Abstract TMP81: Immunocompetent Neural Organoids Respond To Blood Stimulation: A Novel Model Of Intracerebral Hemorrhage

Abstract

Introduction: The lack of treatments for intracerebral hemorrhage (ICH) suggests the need for novel preclinical models of this disease. To that end, this study aimed to explore the utility of an ICH neural organoid model. Methods: Human neural organoids consisting of several cell types, including microglia, were provided by Stem Pharm, Inc. On DIV 21, organoids were treated with human whole blood (n=3 organoids in each condition) for 24 hours. To serve as positive and negative controls, one organoid was treated with lipopolysaccharide (LPS) for 24 hours and three remained untreated. Human IL-6 concentrations were measured in the culture media prior to and after treatments using an enzyme-linked immunosorbent assay (ELISA) and the fold-change from baseline was normalized to the negative control condition.

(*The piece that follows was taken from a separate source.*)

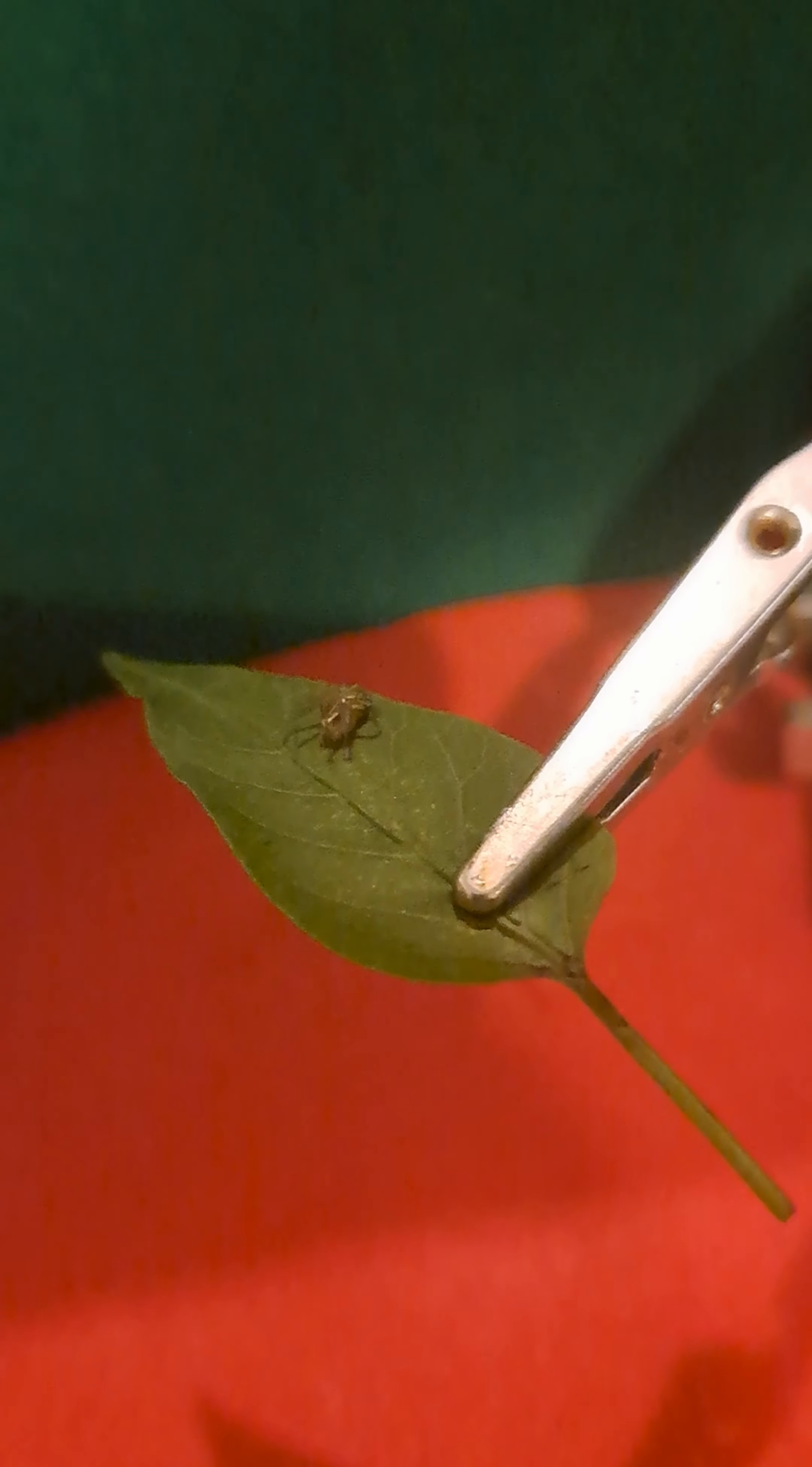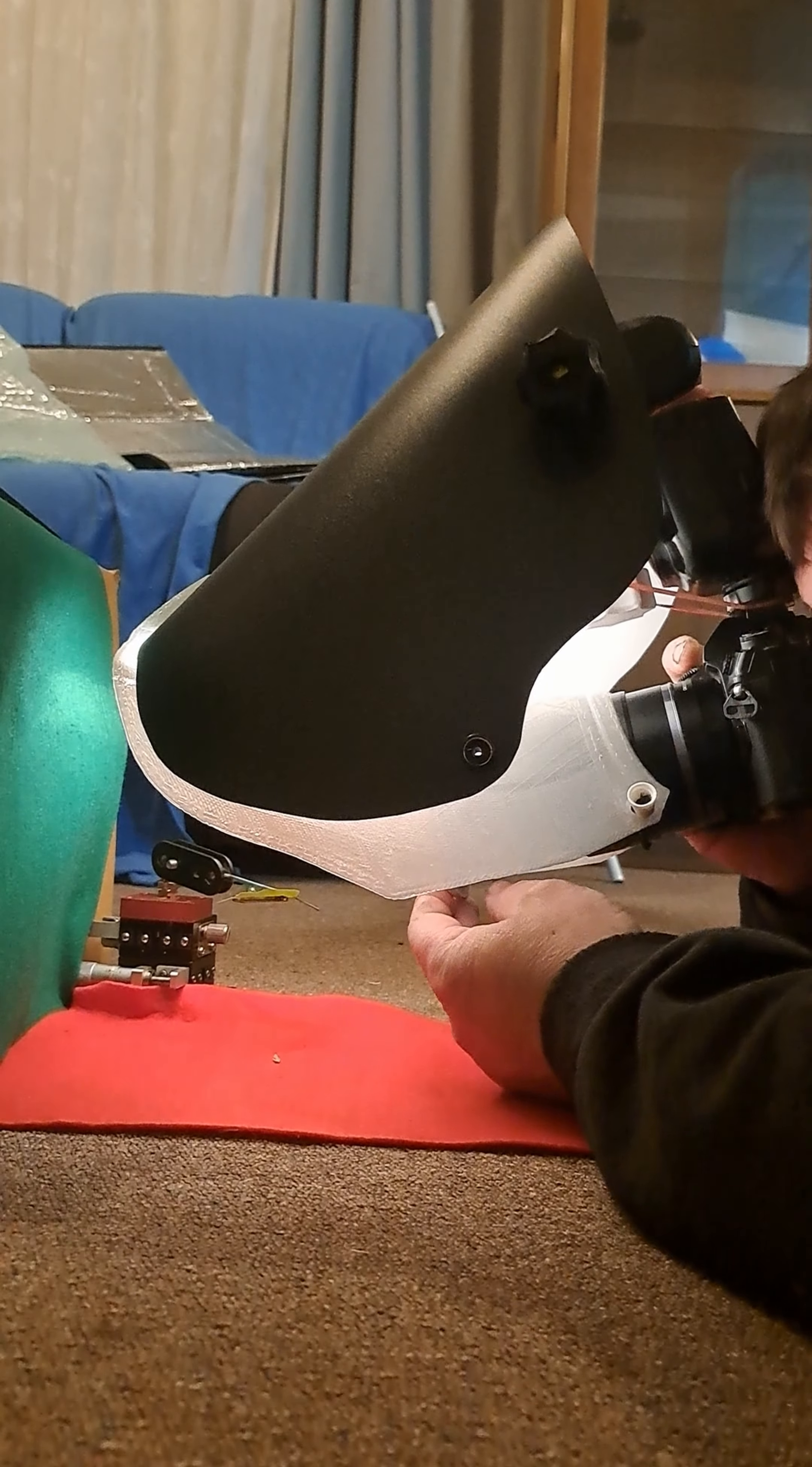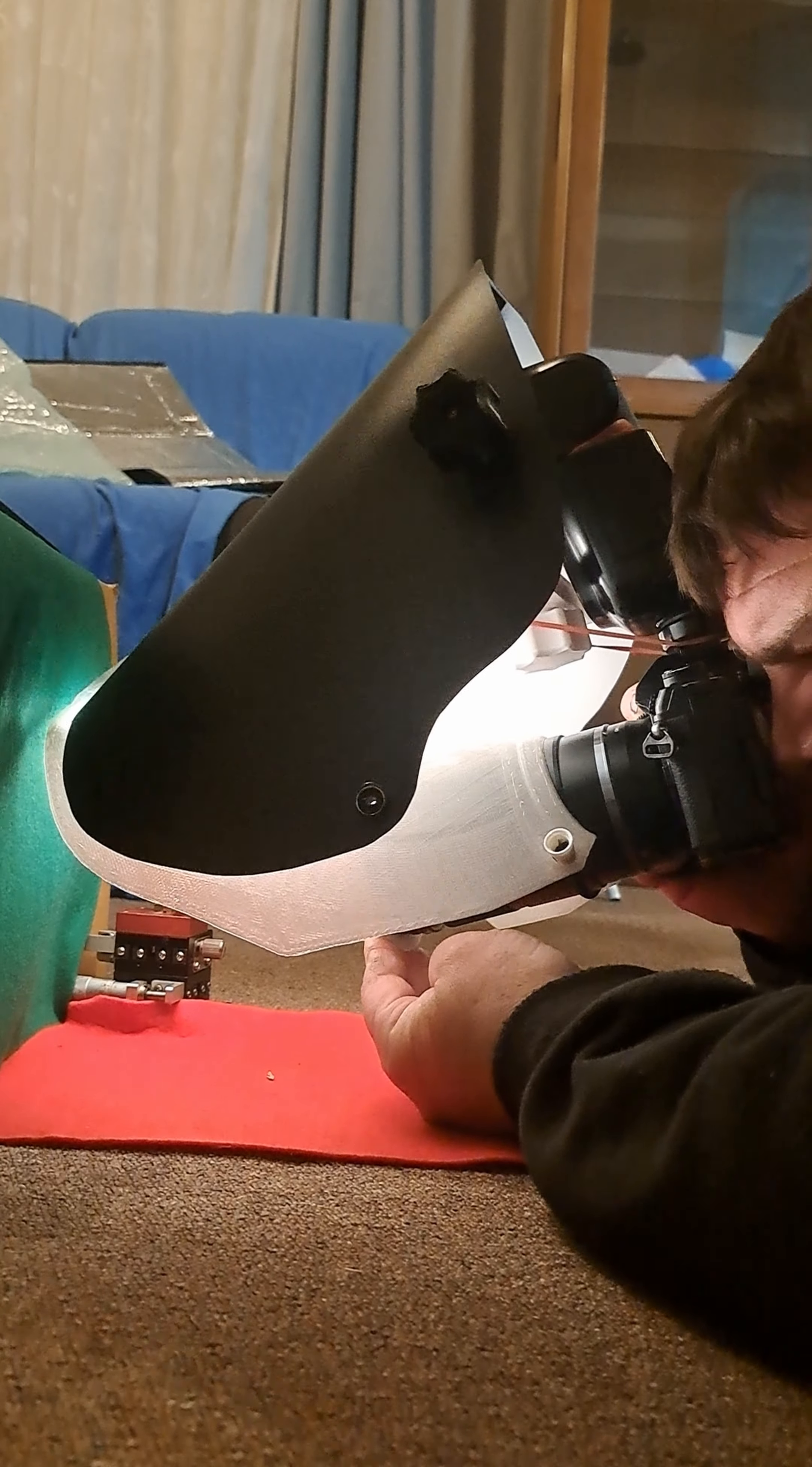I'm going to photograph this lynx spider from my garden and do a handheld focus stack of her, and just demonstrate how I do it. See where my fingers are? That's why I love the lens hood that I've made.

A one-way ANOVA with Dunnett’s test was then performed to compare IL-6 secretion between the control and treatment conditions. Results: LPS and blood stimulation both induced IL-6 secretion after 24 hours. The greatest fold increase in IL-6 concentration relative to the control group was observed with 10% blood stimulation (29.76 +/- 7.91, p<0.0001) followed by LPS (23.43 +/- 11.18, p<0.001) and 5% blood (22.56 +/- 7.91, p<0.0001). Significant fold increases in IL-6 secretion were also observed in the lower concentration conditions of 2.5% (15.75 +/- 7.91, p<0.001), 1.25% (11.46 +/- 7.91, p<0.01), and 0.6% blood (11.60 +/- 7.91, p<0.01). Conclusion: This preliminary study is the first to explore a neural organoid model of ICH. Comparable to LPS, the observed trends in IL-6 secretion suggest that whole blood is a potent, dose-dependent inducer of organoid inflammation. Given the blood-induced neuroinflammation that occurs during ICH, these initial results support a potential role for neural organoids in ICH modeling. Future work will aim to further characterize the organoid inflammatory response and validate this ICH model system via gene expression analyses.